But “his speech bewrayeth” him; he is noticed again as he had been before, and for the third time he denies. Whereupon the cock crows, and turning towards the arcade at the end of the court where the trial was going on, he meets our Lord's eyes fixed upon him. Then, for the first time, it strikes him that he has done wrong. It never occurred to Peter that in saying “I know not the man,” he was being disloyal to the Master he loved. He wanted to keep sight of his Master, and did not feel bound to speak the truth to a foe. No words are needed to shew him his fault. One look of our Lord settles the matter; it awakens the higher sense of truth, which had gone to sleep when the old instinct of the Oriental peasant, the habit of confronting authority with a flat denial, became dominant in Peter's breast. When the company of Apostles was scattered on their Master's apprehension, the strength they had drawn from association with Jesus vanished at once; and then Peter dropped from the moral level of a disciple of Christ into the Galilean fisherman he had been before. He had been used to regard officials of Herod, or any ruling power, as his natural enemies, to whom he was not bound to speak the truth, and to this, his old self, he came back now.

But though Peter's heart may have acquitted him of cowardly forsaking his Master,—though he knew that he would, if need were, have gone with him to prison and to death,—yet he felt that this [pg 436] denial was, in words—though only in words—a falling away from perfect loyalty; it made clear to him, as it may have been meant to do, the weakness of his character in the way of yielding to impulse, and awakened floods of self reproach. He went out and wept bitterly; but no trace appears afterwards of a loss of self respect, or of his feeling it possible that he could be in disgrace with his Master; in fact his part in his Master becomes all the greater, owing to his having needed that He should wash his feet.

These two miracles of instruction then, the prediction of Peter's denials and the withering of the fig tree, were an assurance to the disciples that our Lord still retained His superhuman power, and that whether He should drink of the cup or put it away, up to the last, rested entirely with Him. These powers of His could not be displayed to the people without hindrance to the accomplishment of that Baptism with which He “had to be baptised;” even the working of miracles of healing might so have moved the crowd that they would have risen in His defence.[330] The Apostles, however, were to be rendered sure that these powers remained what they had ever been and that they were, for them, in operation still; so that they might never doubt but that, amid all the apparent defeat, it was with the voluntary sufferer on the Cross that the real Victory—the moral Victory lay.

[pg 437]


Chapter XIII. The Lessons Of The Resurrection.

When contemplating the Passion and the Resurrection of Christ, we have little attention to spare for the subordinate personages in the scene.
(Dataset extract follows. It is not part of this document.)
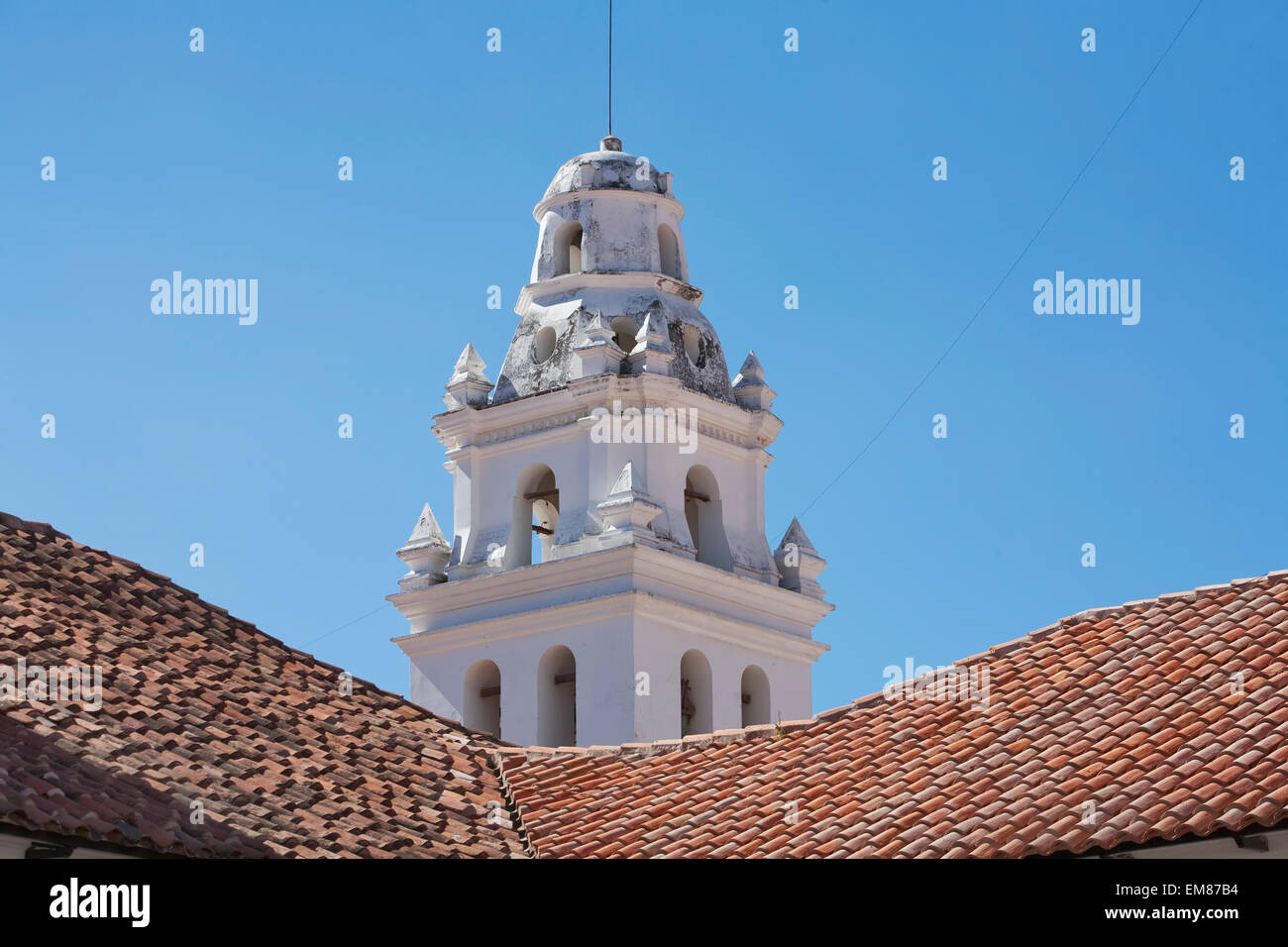 Tower Of The Church Of San Francisco, Sucre, Chuquisaca Department, Bolivia Stock Photo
The effects of these manifestations, in working changes in the hearts and minds of the witnesses, are put out of sight by the brilliancy and intrinsic grandeur of the manifestations themselves, and by the momentous character of their direct consequences, universally affecting mankind. But the transformation in temper, in views, and in habits of mind which converted the Apostles of the Gospels into the Apostles of the Acts—a transformation to me otherwise inexplicable—was consummated and clenched by the hours of hard trial and bitter anguish of that Sabbath day, when there was nothing to be done but to mourn and to wonder; as well as by the burst of gladness when the Risen Lord appeared to the eleven. Throughout all the Post-Resurrection [pg 438] interval, during which the Apostles felt that He was close by and might at any time appear—indeed that any stranger accosting them might turn out to be He—the changes which had been wrought were taking lasting hold.

The data for the history of that Passover season of a.d. 30 must have been furnished by the Apostles, yet we find in it scarcely any mention of themselves; all personal thought was driven from their minds; the narrators, like ourselves, had eyes for the Saviour alone.

From the hour of cockcrow on the Thursday night to the time when it “began to dawn toward the first day of the week” all that we hear of the Apostles, and that comes out incidentally, is that John stood at the foot of the Cross. There is not a word to explain their flight at Gethsemane, they do not tell us, that they stood in the crowd or followed to Golgotha; neither have we, what for my purpose would be invaluable, any word of how they passed that Sabbath day of enforced inaction, which—in accordance with our Lord's way of letting intervals of quiet alternate with times of stress and strain—followed on the violent perturbation and intense dismay of the Crucifixion.